Современная Европа, как показали парижские и лондонские события, не имеет решения проблем иммиграции. В то же время ныне балансирующие между модернизмом и традиционализмом сообщества Востока с успехом аккумулируют иммиграционный потенциал в своих государственных интересах. Со сложившимися в отношении иммиграции современными стереотипами находится в диссонансе тот факт, что по долевому представительству иммигрантов к общей численности населения лидирующие позиции занимают отнюдь не западные страны. Первая шестерка мировых лидеров по иммиграционной интегрированности выглядит следующим образом: ОАЭ — 73,8%, Кувейт — 57,94%, Иордания — 39,6%, Сингапур — 33,64%, Оман — 26,9%, Саудовская Аравия — 25,8%. Однако, каких-то серьезных конфликтных проблем во взаимоотношениях с иммигрантами в них, в отличие от стран Запад, не возникает. Этот парадокс объясняется, во-первых, активным государственным регулированием иммиграционных процессов и, во-вторых, превосходством духовно-психологического потенциала самоорганизованных в рамках традиционных общественных структур резидентов.
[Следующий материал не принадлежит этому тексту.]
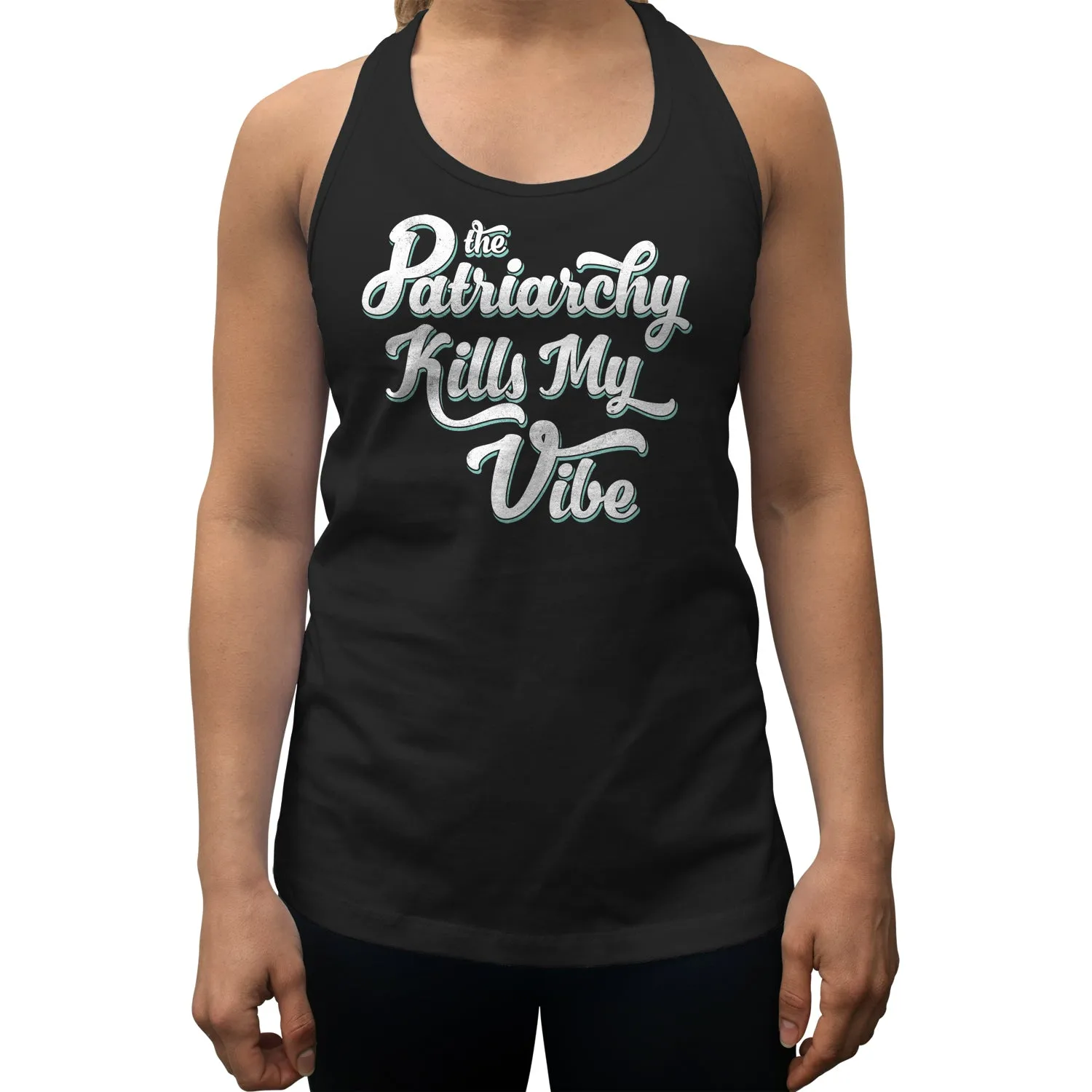 Women's The Patriarchy Kills My Vibe Feminist Racerback Tank Top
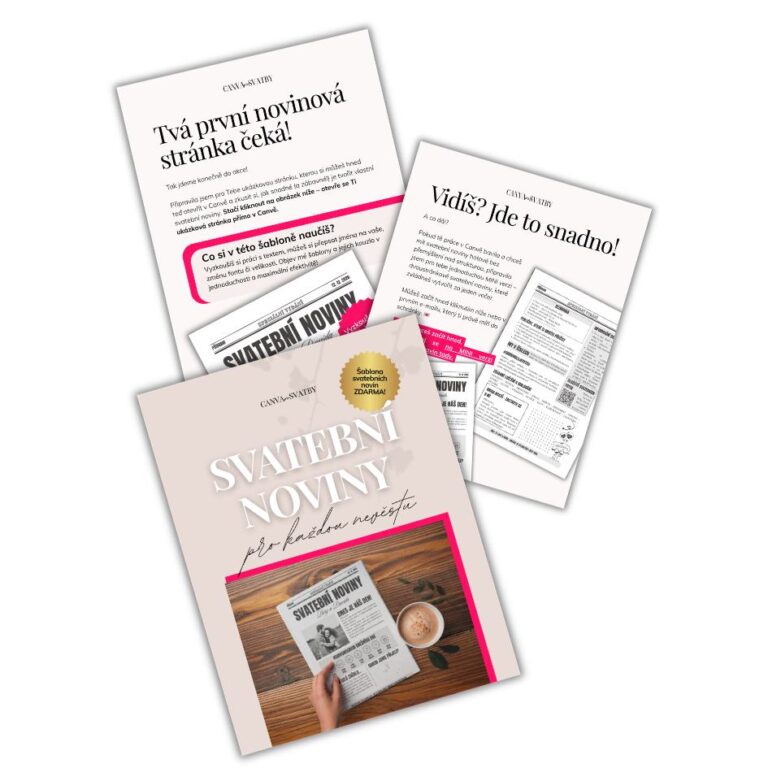 Svatební noviny šablona zdarma v e-booku Svatební noviny pro každou nevěstu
Таким образом, единственным адекватным ответом для Запада на вызов «нового переселения народов» является возвращение к собственным цивилизационным основаниям. Вместе с тем, национальная ретрадиционализация находится в прямом противоречии с общим вектором глобализационного процесса. Инициировавший развитие глобализма Запад сам оказался его заложником. «Новое переселение народов» есть в этом смысле узловой момент, определяющий характер грядущего мироустройства.